Of course, there are real policy and political factors that make future Boston charter school enrollment growth virtually impossible. Bipartisan support for charter schools in Massachusetts officially ended on November 8, 2016 with the resounding defeat of the ballot initiative to increase charter school enrollment and the first election of Donald Trump. Opposition to charters - primarily on funding grounds - continues to this day.
In Boston, this point is moot. Boston charter enrollment is capped, and there can be no new allocations of seats because Boston’s is no longer in the bottom 10% of MA districts (a requirement of the 2010 to allow for further charter expansion in a community).
In this context, while facing demographic pressures and/or waning demand, Boston charter school growth is very much a thing of the past.
Schools
Boston School Committee met this week. Full materials here. The big headline coming out of the meeting was a facilities report setting a target of closing ~19 schools by 2030.
What schools? Will new school buildings be built? With what money? For the plans we do know - the five schools slated for closure or merger next year - there was public comment and discussion.
These recommendations rely on this enrollment analysis.
Why wouldn’t kindergarten projections be tied to birth rates (which has declined) or the age 0-5 population (which has declined)? This is the kind of thing that independent experts suss out in long-term facilities planning, like what Somerville did recently, for example.
Boston’s weekly City Council meeting was dominated by another BPS building project. With demolition readying for White Stadium and a potentially higher tag, it may be on the City Council agenda again next week.
Boston has received federal funds to further expand its electric bus fleet.
10 separate bills were filed in the Massachusetts legislature to limit cell phone use in schools, but Attorney General Andrea Campbell’s bill is drawing the most attention, already garnering support from the Secretary of Education and the Massachusetts Teachers Association (MTA). Those who follow my writing for the Boston Globe know where I stand on this.
In addition to the right to strike, the MTA is also seeking legislation to set minimum educator salaries; the average MA teacher salary - last reported in 2021 - is $86,118.
The Governor followed through on her remarks from the State of the Commonwealth and convened a council to create new uniform high school graduation standards. The Governor’s proposed FY26 budget featured pretty significant education investments: +$400M more for local aid for schools, universal free meals, literacy curriculum and tutors, early childhood grants, and capital improvements for the state higher education facilities.
Updated National Center for Educational Statistics (NCES) data always yields interesting findings. First, less students and more staff is a national PK-12 trend.

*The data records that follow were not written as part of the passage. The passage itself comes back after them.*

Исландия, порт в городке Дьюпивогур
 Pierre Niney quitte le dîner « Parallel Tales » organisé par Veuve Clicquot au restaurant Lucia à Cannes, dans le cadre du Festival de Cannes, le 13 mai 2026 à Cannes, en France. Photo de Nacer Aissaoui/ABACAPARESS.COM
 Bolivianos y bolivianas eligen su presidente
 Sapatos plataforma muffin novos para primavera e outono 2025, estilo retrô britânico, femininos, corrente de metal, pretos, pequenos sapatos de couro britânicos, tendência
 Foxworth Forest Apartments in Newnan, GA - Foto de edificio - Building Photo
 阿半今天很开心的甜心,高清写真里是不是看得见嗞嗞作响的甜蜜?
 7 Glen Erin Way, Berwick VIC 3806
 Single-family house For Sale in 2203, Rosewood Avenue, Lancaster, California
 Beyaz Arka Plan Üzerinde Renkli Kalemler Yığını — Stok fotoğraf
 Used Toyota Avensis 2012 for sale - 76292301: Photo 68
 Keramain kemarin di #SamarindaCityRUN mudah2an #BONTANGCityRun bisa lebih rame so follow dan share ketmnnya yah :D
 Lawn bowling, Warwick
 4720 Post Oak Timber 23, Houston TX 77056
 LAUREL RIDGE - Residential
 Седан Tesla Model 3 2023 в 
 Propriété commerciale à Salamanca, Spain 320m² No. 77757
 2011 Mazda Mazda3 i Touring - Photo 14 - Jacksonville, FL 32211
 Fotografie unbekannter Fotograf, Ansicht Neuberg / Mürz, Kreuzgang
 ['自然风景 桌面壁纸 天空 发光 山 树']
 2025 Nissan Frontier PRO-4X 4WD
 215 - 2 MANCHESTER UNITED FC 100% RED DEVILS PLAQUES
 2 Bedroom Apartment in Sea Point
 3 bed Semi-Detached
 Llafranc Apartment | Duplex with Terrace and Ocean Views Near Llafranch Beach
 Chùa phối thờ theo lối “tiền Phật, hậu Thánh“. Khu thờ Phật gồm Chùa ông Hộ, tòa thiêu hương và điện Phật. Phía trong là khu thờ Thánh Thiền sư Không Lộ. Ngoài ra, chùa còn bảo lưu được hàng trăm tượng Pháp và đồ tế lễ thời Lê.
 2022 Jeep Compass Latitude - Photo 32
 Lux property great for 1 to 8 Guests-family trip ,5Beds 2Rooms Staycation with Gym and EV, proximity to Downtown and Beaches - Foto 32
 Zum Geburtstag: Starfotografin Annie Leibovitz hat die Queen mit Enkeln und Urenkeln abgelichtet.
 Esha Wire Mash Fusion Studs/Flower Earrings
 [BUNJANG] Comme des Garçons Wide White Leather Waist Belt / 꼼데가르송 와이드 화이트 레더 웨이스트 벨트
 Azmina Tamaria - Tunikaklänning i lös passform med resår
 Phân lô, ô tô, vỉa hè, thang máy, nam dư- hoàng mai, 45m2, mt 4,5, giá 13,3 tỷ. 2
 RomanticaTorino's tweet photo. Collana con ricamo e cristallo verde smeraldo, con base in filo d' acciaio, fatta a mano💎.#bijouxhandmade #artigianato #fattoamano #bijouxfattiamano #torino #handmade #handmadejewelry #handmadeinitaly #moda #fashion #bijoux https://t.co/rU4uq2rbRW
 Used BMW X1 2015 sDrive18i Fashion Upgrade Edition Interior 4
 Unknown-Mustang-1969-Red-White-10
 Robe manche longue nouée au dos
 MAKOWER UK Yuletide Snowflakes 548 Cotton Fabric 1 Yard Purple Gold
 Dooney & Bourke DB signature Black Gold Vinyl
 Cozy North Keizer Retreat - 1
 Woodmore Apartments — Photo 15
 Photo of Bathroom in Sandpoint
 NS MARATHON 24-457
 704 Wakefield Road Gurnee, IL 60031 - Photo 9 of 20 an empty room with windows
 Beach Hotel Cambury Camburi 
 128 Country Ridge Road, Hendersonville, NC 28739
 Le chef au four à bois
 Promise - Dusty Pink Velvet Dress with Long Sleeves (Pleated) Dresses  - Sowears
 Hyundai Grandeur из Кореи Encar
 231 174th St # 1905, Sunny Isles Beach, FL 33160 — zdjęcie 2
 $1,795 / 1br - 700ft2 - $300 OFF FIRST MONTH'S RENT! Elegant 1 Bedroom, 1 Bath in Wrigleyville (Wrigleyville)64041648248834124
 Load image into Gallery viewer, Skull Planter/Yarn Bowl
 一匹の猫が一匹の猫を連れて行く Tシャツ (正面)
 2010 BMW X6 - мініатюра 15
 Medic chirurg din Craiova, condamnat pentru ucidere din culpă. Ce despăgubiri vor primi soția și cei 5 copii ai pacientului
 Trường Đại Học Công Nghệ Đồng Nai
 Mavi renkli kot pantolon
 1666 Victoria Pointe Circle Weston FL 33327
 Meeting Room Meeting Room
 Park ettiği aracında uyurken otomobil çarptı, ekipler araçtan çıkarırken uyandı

And Black and Latino students continue to have less access to certified teachers and STEM courses while being disciplined at higher rates.
The new US Deputy Secretary of Education was a finalist for Massachusetts Commissioner in 2018.
Other Matters
But appointments are not exactly the talk of federal policy right now. President Trump’s directives on immigration are opening the schoolhouse doors for investigations and deportations. Expect real ripple effects for attendance and enrollment. Community disruption seems imminent. The national quickly has become local, as mayors and superintendent decide if to comply (Worcester isn’t).
But is it fair to frame this as a national/local binary? Last April, immigration was found to be the number one issue amongst Massachusetts voters. The prospect of the state adjusting shelter laws set off a week of media coverage and intense political rhetoric.
As David Leonhardt of the New York Times surmised, regardless of your personal positions on immigration, the American public displays elements of narrow consensus, nuance, and intense disagreement on the issue.
In other words, an open front for a culture war. The purpose is not to “win,” but to continuously fight, creating sides and inviting clicks that accrue benefits for the cultural warriors themselves, big costs for targeted individuals or groups, and less direct benefits and costs for the broader public.
Immigration, the elimination of DEI programs at colleges and universities, and who plays on what youth sports teams fit this paradigm, which is precisely why you will keep reading about them.
Culture wars don’t end with treaties of sensible, lasting public policy.